The group plans to introduce different plans in the House and Senate. The House plan moves the state to a flat tax in 2026, while the Senate plan goes to flat in 2026.

“We’re introducing the plan today in a similar way of JFK’s moonshot. Here’s is our goal. How do we get there?” Mathews said. “Whether that is going flat faster, going lower faster to deal with economic conditions, that’s fine as long as we get to the end point.”

Sen. George Lang, R-West Chester, said he wants to make Ohio the most economically friendly state and dominate the rest of the nation.

“One tax after another, one regulation after another and we started driving business away,” Lang said. “I believe this plan will pay for itself by reducing the costs and complexity of government and by increasing revenues.”

Lang said the objective is to grow the state’s economy to $1 trillion by 2030 and move the state’s congressional delegation from 15 to 16.

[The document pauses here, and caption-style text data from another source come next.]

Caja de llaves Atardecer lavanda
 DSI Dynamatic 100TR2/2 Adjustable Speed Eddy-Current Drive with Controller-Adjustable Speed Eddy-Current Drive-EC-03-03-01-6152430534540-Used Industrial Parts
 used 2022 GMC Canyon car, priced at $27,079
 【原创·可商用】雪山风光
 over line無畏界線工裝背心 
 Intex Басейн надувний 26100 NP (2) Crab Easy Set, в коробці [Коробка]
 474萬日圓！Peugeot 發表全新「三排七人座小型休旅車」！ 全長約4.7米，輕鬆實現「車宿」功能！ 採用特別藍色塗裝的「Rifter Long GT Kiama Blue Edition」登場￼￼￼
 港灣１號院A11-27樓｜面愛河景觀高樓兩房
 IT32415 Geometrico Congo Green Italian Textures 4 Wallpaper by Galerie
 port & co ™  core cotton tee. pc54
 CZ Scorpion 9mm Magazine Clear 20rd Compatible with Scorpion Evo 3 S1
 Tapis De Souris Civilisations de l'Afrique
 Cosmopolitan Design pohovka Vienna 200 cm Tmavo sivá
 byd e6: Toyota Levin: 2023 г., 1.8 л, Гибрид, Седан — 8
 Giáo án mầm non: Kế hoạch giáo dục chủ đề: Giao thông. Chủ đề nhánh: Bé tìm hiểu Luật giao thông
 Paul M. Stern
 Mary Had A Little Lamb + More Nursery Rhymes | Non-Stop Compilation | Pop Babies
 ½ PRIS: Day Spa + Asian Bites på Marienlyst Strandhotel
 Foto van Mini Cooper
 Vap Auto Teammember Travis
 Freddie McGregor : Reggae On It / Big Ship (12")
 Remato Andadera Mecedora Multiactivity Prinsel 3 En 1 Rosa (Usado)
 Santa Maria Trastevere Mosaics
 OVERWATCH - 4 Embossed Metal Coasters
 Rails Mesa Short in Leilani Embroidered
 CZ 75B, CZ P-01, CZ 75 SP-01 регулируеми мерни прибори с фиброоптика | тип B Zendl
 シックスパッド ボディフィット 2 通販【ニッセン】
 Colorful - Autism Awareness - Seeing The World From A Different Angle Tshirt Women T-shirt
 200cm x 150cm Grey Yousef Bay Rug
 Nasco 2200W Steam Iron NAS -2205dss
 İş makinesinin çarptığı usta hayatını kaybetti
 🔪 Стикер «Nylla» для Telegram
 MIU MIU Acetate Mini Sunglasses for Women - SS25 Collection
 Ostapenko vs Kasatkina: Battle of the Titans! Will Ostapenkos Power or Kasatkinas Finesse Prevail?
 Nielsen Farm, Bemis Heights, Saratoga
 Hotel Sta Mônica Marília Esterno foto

The group believes cutting the state’s income will increase sales taxes and other forms of revenues to allow for a constitutionally required balanced budget without cutting things like education and Medicaid spending.

“When you cut taxes you have an increase of economic activity,” said Sen. Stephen Huffman, R-Tipp City. “I think this is the opportunity we need to be like states like Florida and Texas.”